Ice-resistant performance evaluation of a downward-pressure-induced pile foundation for cold-region wind turbines

Sea-ice hazards in cold-region sea areas pose significant challenges to the structural safety of offshore wind turbines. Although traditional ice-resistant cone pile foundations can effectively reduce ice loads, their application to large-diameter piles involves a pronounced load trade-off: reductions in peak ice forces are often accompanied by substantial increases in wave loads. To address this issue, this study proposes a modular downward-pressure-induced (DPI) ice-resistant wind turbine foundation.

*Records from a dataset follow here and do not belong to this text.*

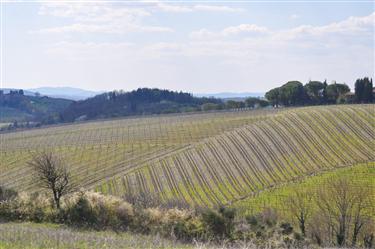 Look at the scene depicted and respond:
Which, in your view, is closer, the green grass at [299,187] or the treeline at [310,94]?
the green grass at [299,187]

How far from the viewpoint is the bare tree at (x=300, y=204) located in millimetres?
40150

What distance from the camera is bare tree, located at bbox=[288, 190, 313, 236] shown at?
40.2 m

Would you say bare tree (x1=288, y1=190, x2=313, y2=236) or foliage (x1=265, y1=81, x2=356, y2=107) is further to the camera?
foliage (x1=265, y1=81, x2=356, y2=107)

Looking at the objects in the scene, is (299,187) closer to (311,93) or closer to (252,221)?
(252,221)

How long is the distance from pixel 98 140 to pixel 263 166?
33421 mm

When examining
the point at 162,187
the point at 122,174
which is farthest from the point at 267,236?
the point at 122,174

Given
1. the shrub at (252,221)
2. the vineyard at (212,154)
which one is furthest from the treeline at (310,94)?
the shrub at (252,221)

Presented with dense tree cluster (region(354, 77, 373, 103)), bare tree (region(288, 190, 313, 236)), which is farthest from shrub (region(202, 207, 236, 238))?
dense tree cluster (region(354, 77, 373, 103))

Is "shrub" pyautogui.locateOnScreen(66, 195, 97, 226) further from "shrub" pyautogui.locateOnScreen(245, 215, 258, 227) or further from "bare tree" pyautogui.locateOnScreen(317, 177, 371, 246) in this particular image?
"bare tree" pyautogui.locateOnScreen(317, 177, 371, 246)

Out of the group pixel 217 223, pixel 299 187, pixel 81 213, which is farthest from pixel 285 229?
pixel 299 187

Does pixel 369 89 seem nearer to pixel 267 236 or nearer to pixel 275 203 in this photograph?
pixel 275 203

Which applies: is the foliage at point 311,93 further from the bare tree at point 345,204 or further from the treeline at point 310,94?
the bare tree at point 345,204

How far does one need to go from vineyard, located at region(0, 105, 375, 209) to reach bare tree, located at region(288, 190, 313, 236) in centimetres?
444

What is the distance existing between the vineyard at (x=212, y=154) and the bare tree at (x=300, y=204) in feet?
14.6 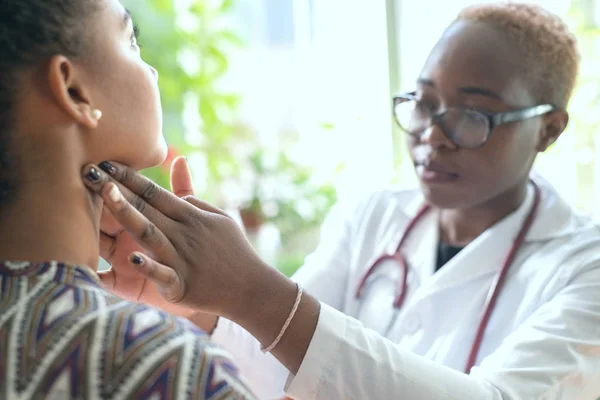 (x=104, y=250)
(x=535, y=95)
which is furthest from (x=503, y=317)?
(x=104, y=250)

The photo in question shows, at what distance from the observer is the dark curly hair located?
0.72 m

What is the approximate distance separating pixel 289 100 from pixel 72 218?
174cm

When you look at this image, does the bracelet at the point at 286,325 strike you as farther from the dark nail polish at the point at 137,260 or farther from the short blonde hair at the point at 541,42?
the short blonde hair at the point at 541,42

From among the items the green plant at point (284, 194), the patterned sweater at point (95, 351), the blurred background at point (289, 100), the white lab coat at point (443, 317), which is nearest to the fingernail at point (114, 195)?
the patterned sweater at point (95, 351)

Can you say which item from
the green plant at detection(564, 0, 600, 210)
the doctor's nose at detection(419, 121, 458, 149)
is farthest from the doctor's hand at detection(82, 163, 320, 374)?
the green plant at detection(564, 0, 600, 210)

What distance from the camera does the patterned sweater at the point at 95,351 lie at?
2.15 feet

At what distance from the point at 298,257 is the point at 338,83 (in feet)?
2.10

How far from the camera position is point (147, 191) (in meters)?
0.86

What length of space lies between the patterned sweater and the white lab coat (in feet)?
1.16

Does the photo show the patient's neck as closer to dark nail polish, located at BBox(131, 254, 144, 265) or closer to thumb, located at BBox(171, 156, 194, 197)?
dark nail polish, located at BBox(131, 254, 144, 265)

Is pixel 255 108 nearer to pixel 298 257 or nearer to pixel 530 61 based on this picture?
pixel 298 257

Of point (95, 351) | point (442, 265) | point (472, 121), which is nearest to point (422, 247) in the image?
point (442, 265)

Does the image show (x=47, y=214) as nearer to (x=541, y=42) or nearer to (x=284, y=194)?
(x=541, y=42)

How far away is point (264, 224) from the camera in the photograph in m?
2.27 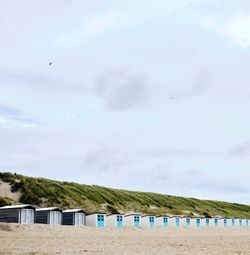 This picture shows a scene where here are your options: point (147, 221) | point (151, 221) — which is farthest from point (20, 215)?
point (151, 221)

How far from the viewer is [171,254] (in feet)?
82.2

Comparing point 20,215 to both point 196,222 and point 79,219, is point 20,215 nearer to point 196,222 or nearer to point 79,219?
point 79,219

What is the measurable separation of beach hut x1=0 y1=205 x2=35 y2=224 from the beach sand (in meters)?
4.48

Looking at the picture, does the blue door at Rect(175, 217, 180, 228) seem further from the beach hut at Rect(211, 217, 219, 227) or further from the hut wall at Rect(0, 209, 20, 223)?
the hut wall at Rect(0, 209, 20, 223)

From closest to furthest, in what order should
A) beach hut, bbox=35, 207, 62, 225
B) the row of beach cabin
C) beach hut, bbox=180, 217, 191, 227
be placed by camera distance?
the row of beach cabin
beach hut, bbox=35, 207, 62, 225
beach hut, bbox=180, 217, 191, 227

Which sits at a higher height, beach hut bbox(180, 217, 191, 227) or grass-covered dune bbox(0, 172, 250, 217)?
grass-covered dune bbox(0, 172, 250, 217)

A computational fluid dynamics-discrete element method coupled numerical framework, validated through scaled physical model experiments, is employed to investigate the dynamic evolution of broken ice interaction with the DPI foundation, including initial contact, accumulation-induced jamming, and subsequent dynamic release. The results show that while maintaining effective ice-resistant performance, the DPI foundation significantly reduces both horizontal and vertical wave loads, thereby alleviating the inherent design trade-off of conventional ice-resistant cone foundations, in which improved ice resistance is achieved at the expense of increased wave loading. Parametric sensitivity analysis further indicates that when the ice-guiding angle ranges from 25° to 35° and the circumferential arrangement angle ranges from 22.5° to 30°, the DPI foundation most effectively suppresses ice force-chain locking, resulting in optimal ice-resistant performance. This study provides useful insights for the coordinated control of ice and wave loads and for the lightweight design of pile foundations in cold-region environments.